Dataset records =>

_ _ _ _ _ _ _

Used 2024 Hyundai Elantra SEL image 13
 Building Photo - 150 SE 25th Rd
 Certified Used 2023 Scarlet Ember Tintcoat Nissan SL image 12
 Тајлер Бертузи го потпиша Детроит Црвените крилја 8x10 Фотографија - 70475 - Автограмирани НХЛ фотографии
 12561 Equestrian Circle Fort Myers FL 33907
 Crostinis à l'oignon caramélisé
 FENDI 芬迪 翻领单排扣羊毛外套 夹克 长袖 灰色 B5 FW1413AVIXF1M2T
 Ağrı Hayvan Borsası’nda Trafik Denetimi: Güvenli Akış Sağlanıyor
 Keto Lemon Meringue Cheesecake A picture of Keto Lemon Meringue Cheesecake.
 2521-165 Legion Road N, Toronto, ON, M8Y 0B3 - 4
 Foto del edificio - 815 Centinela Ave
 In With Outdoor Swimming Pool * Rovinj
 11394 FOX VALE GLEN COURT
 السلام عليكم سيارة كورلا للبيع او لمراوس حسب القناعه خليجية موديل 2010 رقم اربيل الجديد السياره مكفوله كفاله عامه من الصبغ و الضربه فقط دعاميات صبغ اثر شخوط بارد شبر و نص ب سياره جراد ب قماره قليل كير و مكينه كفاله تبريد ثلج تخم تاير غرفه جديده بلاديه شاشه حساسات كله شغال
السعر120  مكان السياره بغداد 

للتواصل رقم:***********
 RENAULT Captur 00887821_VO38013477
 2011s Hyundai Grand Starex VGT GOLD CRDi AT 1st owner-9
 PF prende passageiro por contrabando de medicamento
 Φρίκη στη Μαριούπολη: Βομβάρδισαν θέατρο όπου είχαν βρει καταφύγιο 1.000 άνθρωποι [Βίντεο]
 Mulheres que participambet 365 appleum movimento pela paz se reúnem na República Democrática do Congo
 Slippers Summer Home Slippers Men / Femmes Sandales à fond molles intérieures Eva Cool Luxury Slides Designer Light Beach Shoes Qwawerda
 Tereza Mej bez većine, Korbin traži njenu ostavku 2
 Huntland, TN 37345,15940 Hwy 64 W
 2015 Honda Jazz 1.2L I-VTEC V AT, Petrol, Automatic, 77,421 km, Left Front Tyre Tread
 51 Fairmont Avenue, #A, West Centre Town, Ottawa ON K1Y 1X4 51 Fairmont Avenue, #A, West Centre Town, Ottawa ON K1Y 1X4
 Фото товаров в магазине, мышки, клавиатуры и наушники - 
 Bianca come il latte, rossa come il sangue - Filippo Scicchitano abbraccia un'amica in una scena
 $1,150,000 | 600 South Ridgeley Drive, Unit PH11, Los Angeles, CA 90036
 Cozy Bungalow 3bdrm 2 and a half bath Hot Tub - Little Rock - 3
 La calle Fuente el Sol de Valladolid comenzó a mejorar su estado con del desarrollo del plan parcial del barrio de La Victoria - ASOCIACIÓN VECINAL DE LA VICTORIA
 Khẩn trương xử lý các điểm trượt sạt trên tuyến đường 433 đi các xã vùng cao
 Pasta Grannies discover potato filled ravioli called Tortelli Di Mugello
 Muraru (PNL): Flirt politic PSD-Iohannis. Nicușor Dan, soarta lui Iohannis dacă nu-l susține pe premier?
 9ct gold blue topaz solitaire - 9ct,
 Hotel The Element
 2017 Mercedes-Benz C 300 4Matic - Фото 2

_ _ _ _ _ _ _

Required work =>
The lines to copy are those above that contain the string "السياره".

Response to the task =>
 السلام عليكم سيارة كورلا للبيع او لمراوس حسب القناعه خليجية موديل 2010 رقم اربيل الجديد السياره مكفوله كفاله عامه من الصبغ و الضربه فقط دعاميات صبغ اثر شخوط بارد شبر و نص ب سياره جراد ب قماره قليل كير و مكينه كفاله تبريد ثلج تخم تاير غرفه جديده بلاديه شاشه حساسات كله شغال
السعر120  مكان السياره بغداد 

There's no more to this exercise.